5. Nucleoprotein (NP) – segment 5, binds viral RNA to form ribonucleoprotein complexes.
6. Neuraminidase (NA) – segment 6, encodes the N1 subtype surface enzyme that cleaves sialic acid residues, facilitating virion release.
7. Matrix proteins (M1 and M2) – segment 7, encodes the matrix protein M1 and the ion channel protein M2; the M2 protein is the target of adamantane antivirals.
8. Non‑structural proteins (NS1 and NS2/NEP) – segment 8, encodes NS1, which antagonizes host innate immunity, and NS2 (also called nuclear export protein, NEP) involved in ribonucleoprotein export.

The total length of the H5N1 genome is approximately 13.5 kilobases, with each segment ranging from roughly 890 nucleotides (NS) to about 2,350 nucleotides (PB2). The genome is encapsidated by nucleoprotein and associated with the viral polymerase complex within virions. The segmented nature permits reassortment, allowing exchange of whole gene segments with co‑infecting influenza viruses and contributing to the emergence of novel genotypes.
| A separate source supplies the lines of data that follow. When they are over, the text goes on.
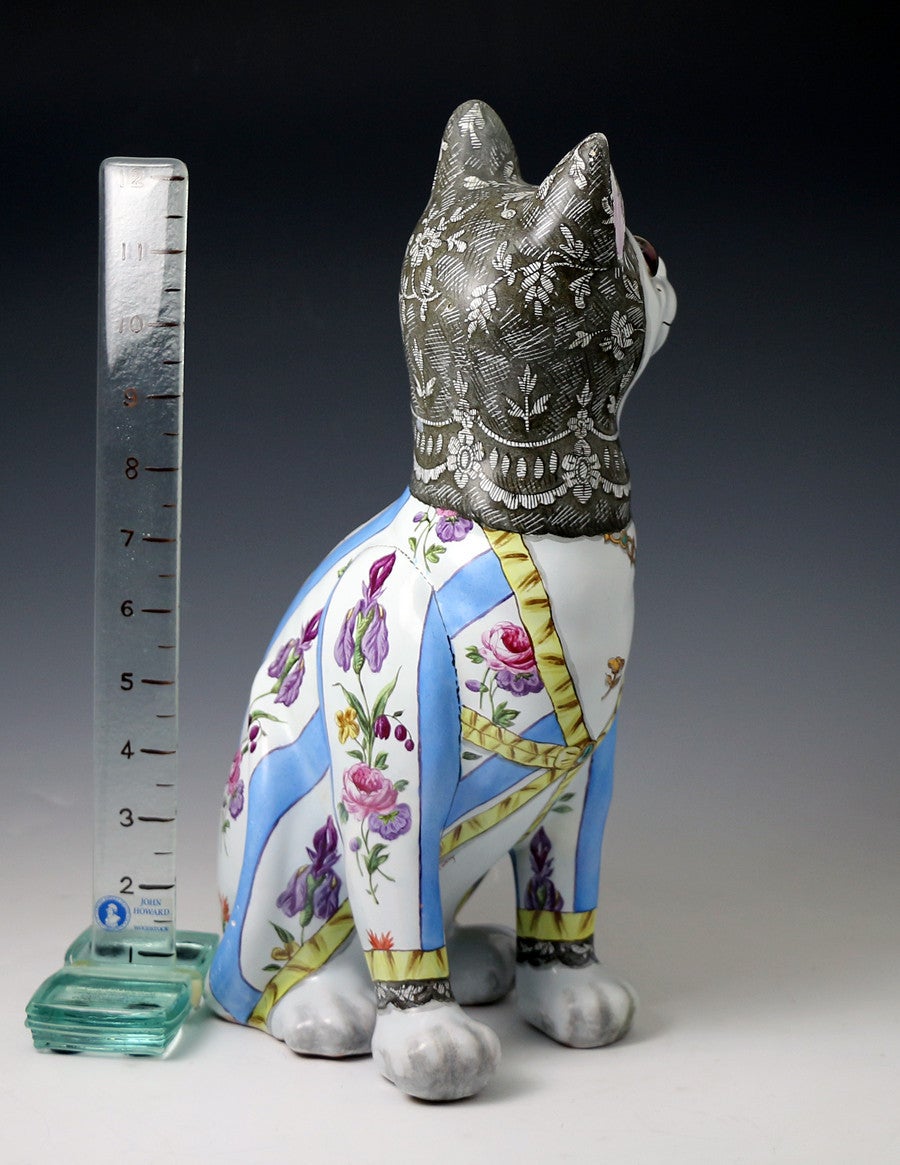 Emile Galle of Nancy Pottery Figures of a Seated Cat with Glass Eyes, circa 1900 In Good Condition In Woodstock, OXFORDSHIRE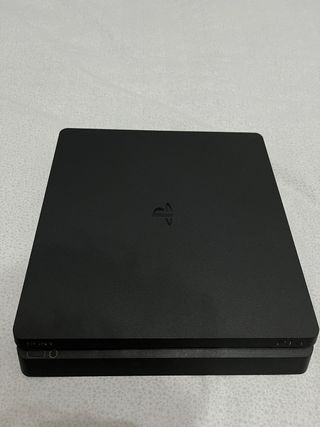 Consola PS4 Negra + Mando + Juegos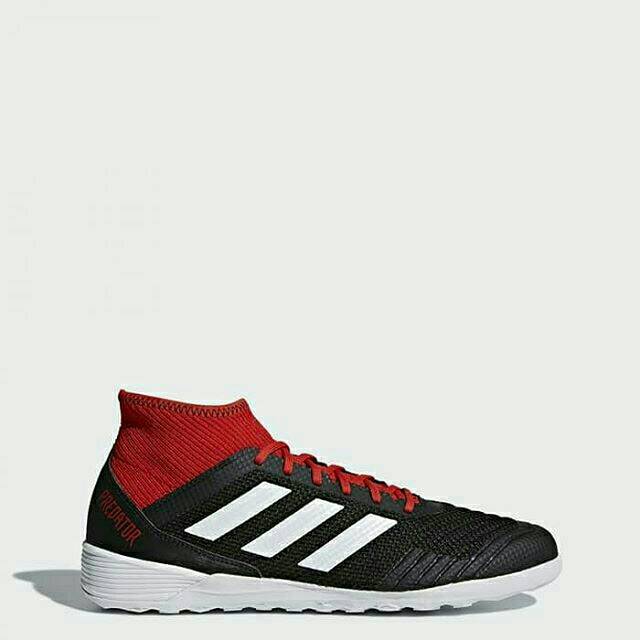 Sepatu Futsal Adidas Predator Tango 18.3 IN Core Black/Cloud White/Red
Original BNIB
Molecular studies have identified characteristic motifs within the HA cleavage site of highly pathogenic H5N1 strains (e.g., multiple basic amino acids such as R K R R K R). Mutations in the PB2 gene, notably the E627K substitution, are associated with increased replication efficiency in mammalian hosts. The NA gene of H5N1 typically retains the N1 subtype signature but exhibits variations affecting inhibitor susceptibility.

Overall, the genetic structure of H5N1 comprises a conserved set of eight RNA segments whose amino‑acid sequences and regulatory elements determine viral phenotype, host range, pathogenicity, and antigenic properties.